本研究目的以模擬奧運資格賽實際競賽局數，運用二軸加速規，檢測優秀射箭選手雙手肢段在放箭期間所產生細微的震顫晃動之加速度變化，並分析探討優秀選手於漸增的回合數持弓手及拉弓手各肢段震顫的控制特徵。本研究以10位全國排名前36大學優秀射箭隊男子選手為對象，並模擬「奧運局」資格賽比賽情境量測，選手依本身的射箭節奏在4分鐘內射完6枝箭，1局為6回合，共2局72支箭，以8個自製三軸（X, Y, Z軸）加速規，依解剖學位置，由近端至遠端，黏貼固定於選手雙手手臂肢段及弓身依序為，左手持弓手：夾箭器、食指第三指關節，肱橈肌肌束，二頭肌肌束外側；右手拉弓手：食指第一指關節，手腕橈骨莖突，肱橈肌肌束，二頭肌肌束外側，以量測此位置的震顫訊號，分析方法以每局6回合6支箭放箭期間震顫強度平均數進行獨立樣本t檢定，分別考驗不同部位在兩局中震顫差異，並以10位選手奧運局72支箭放箭期間震顫強度進行單因子變異數與杜凱氏事後比較，分別考驗優秀選手雙手肢段各部位的震顫差異。本研究結論：選手雙手震顫強度會隨回合數增加而提高，因此選手本身動作技術，能減低因回合數漸增而上升的雙手震顫強度，對於放箭期間所造成不良影響。而在上述持弓手及拉弓手各部位震顫程度討論分析中，發現持弓手及拉弓手分別在遠近端肢段震顫強度上呈現相反狀態，持弓手呈現近端肢段震顫強度大於遠端肢段，拉弓手則為遠端大於近端，而雙手的手肘肱橈肌肌束部位震顫強度表現，在比較平均數後發現震顫強度均大於雙手各部位，此顯示雙手肘部的震顫控制為較難穩定的控制點。
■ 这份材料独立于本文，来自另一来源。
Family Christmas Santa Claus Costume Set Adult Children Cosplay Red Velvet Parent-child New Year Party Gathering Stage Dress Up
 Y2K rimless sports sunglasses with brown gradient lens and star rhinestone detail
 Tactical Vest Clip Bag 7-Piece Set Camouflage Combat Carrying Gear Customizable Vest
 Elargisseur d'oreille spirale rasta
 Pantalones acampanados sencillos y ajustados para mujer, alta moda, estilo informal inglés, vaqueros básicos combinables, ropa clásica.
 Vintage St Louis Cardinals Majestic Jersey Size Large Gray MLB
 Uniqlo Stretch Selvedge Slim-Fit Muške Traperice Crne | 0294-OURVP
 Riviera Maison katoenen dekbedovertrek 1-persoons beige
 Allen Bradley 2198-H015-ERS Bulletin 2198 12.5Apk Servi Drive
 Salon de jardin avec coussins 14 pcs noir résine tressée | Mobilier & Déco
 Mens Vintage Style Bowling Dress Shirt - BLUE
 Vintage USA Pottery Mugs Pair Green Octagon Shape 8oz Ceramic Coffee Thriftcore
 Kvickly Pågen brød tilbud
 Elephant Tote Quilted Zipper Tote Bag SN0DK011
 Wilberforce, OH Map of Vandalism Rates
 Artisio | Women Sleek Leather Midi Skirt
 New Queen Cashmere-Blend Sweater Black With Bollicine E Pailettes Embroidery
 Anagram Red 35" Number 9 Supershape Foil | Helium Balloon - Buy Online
The purpose of this study was to simulate the Olympic Qualifying Tournament by examine the variation of elite archer tremor pattern when releasing arrows by using 3-axis accelerometers. The analysis of the limb tremors between drawing arm and holding arm was performed after the data collection. Ten collegiate male archers whose ranking was in top 36 in Taiwan were recruited in this study. The circumstances of simulating Olympic Qualifying Tournament and the analyzed data were recorded during release phase, which was 1 s before releasing point. Six arrows of each end should be shot in 4 minutes, and there would be 72 arrows totally (72=6 arrows x 6 end x 2 round). Eight accelerometers on upper limbs were placed on the following anatomical landmarks from distal to proximal of left drawing arm like as: (1) clipper: top of the clipper of bow; (2) the hand: middle shaft of the index finger; (3) the forearm: belly of the brachioradialis; (4) the arm: belly of the biceps brachii and right holding arm; (5) the hand: middle shaft of the index finger; (6) the wrist: styloid process of radius; (7) the forearm: belly of the brachioradialis; (8) the arm: belly of the biceps brachii. All those accelerometers were placed to measure the tremor for 72 arrows of each participant. The tremor amplitude was derived from root mean square of the acceleration. The averaged amplitude of 6 arrows of each end will be calculated. The tremor amplitude of archers was increasing while the game was continuing; therefore, player could enhance their movements technically to lessen the tremor amplitude and any other impact when releasing arrows. From the analysis of the level of tremor amplitude on drawing arm and holding arm, it was found that the performance of holding arm and drawing arm on distal and proximal limbs presented the opposite condition. The higher tremor amplitude was shown on proximal segment than distal segment on holding arm. However, for drawing arm, it showed the higher tremor amplitude on distal segment than proximal segment. It also showed that the tremor amplitude on brachioradialis was higher than any other region on both arms. Hence, the data suggests that elbow is the hardest control point for tremor.